◆ Extracted entries:
- Opening Delimiter -
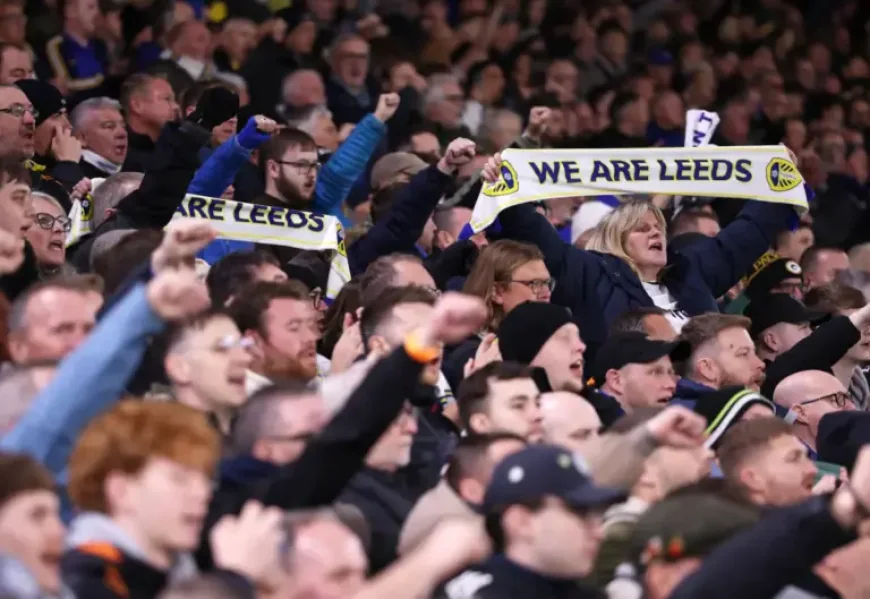 Ao Tanaka Is Open To Leaving Leeds United as German Interest Grows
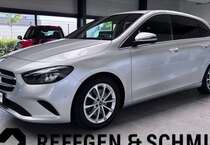 Mercedes B 220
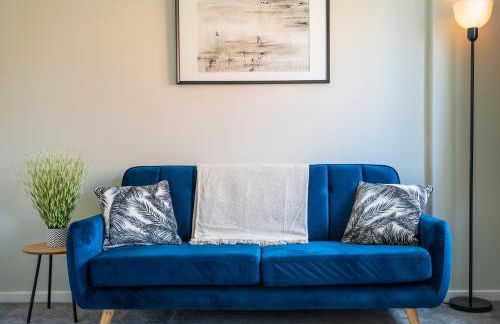 Bright & modern 4 bedroom townhouse - Foto 6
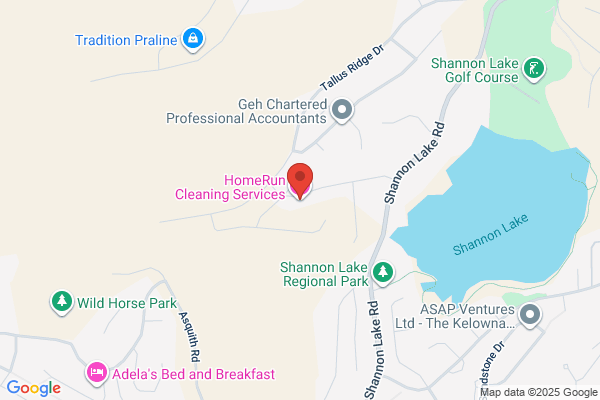 Home Run Cleaning Service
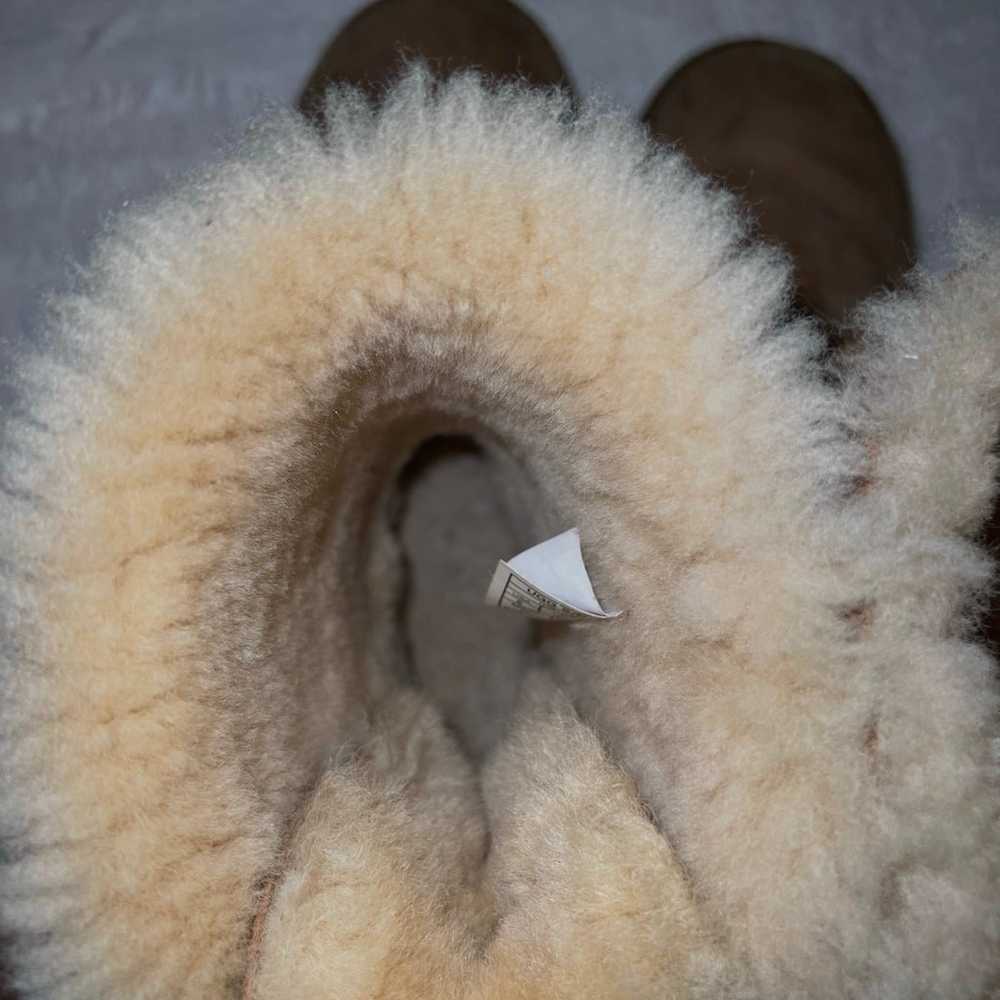 Ugg Bailey Bow Boots - image 4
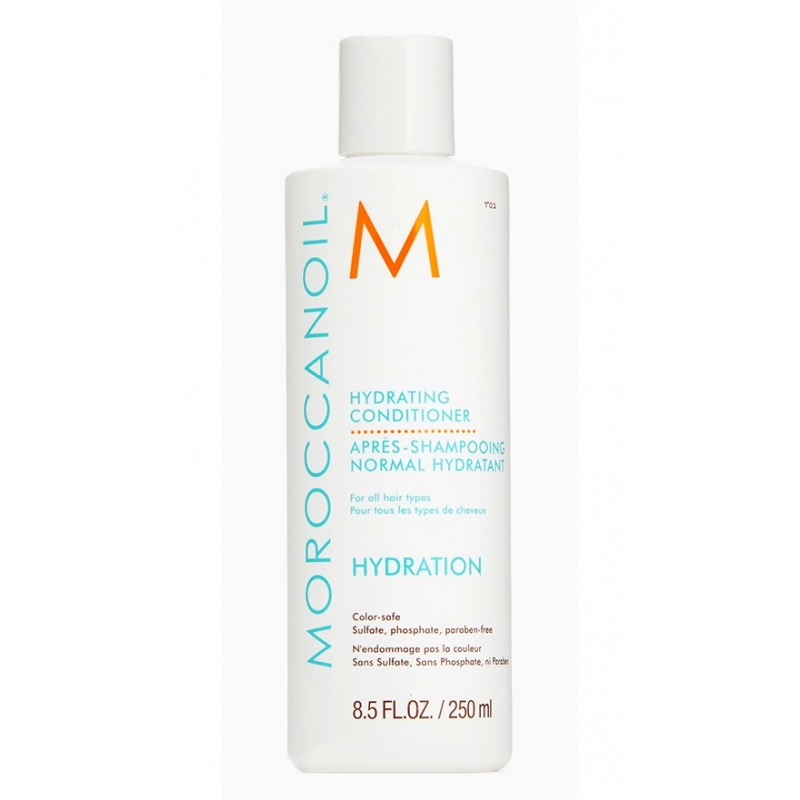 

Кондиционер для волос Moroccanoil, Moisture Repair Conditioner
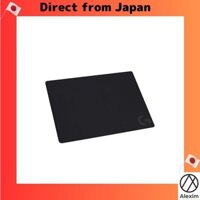 [Direct from Japan]Logitech G Gaming Mouse Pad G240 Cross Surface Standard Size 340×280×1mm Mouse Pad G240f Domestic Authentic Product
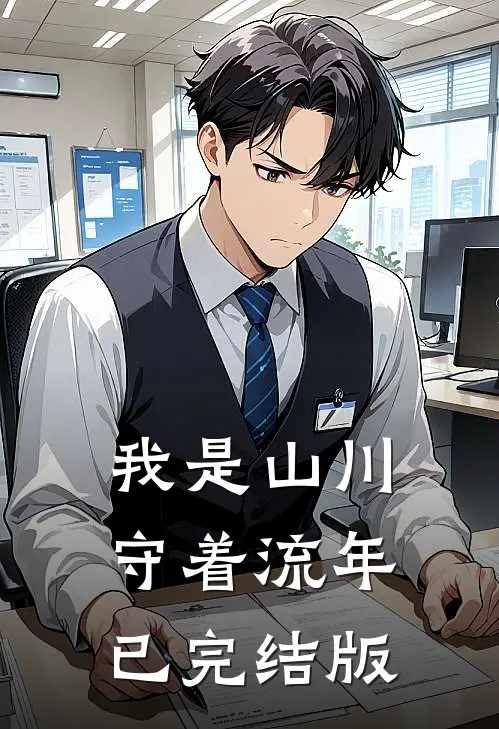 我是山川守着流年已完结版
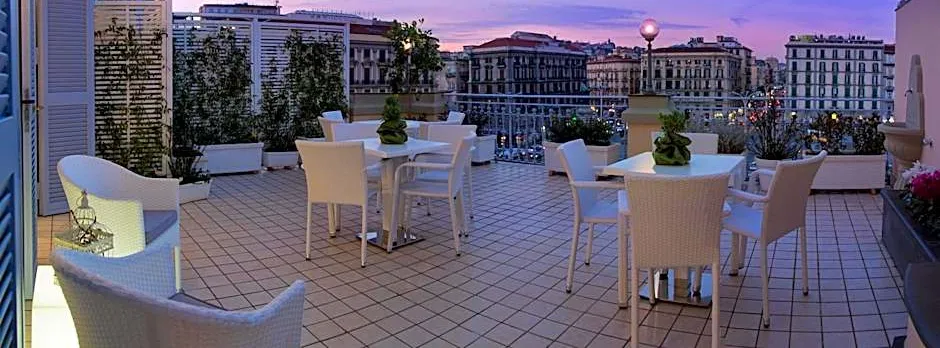 The Five Rooms Napoli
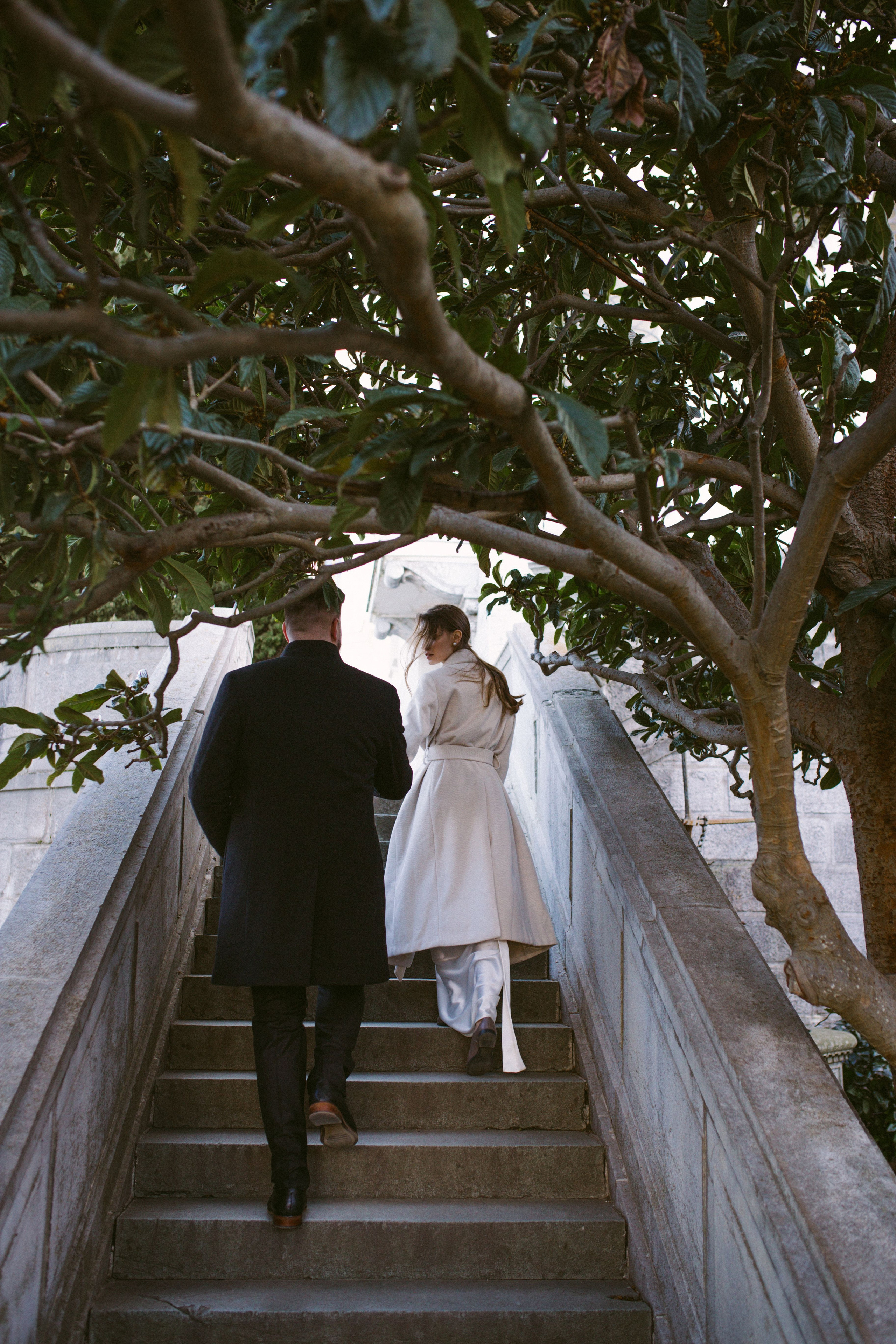 С весны и навсегда. Свадебный и семейный фотограф в Варшаве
- Closing Delimiter -
◆ Problem details: Every entry belongs in the answer exactly as written, but no picture does.

◆ Your response:
 Ao Tanaka Is Open To Leaving Leeds United as German Interest Grows
 Mercedes B 220
 Bright & modern 4 bedroom townhouse - Foto 6
 Home Run Cleaning Service
 Ugg Bailey Bow Boots - image 4

Кондиционер для волос Moroccanoil, Moisture Repair Conditioner
 [Direct from Japan]Logitech G Gaming Mouse Pad G240 Cross Surface Standard Size 340×280×1mm Mouse Pad G240f Domestic Authentic Product
 我是山川守着流年已完结版
 The Five Rooms Napoli
 С весны и навсегда. Свадебный и семейный фотограф в Варшаве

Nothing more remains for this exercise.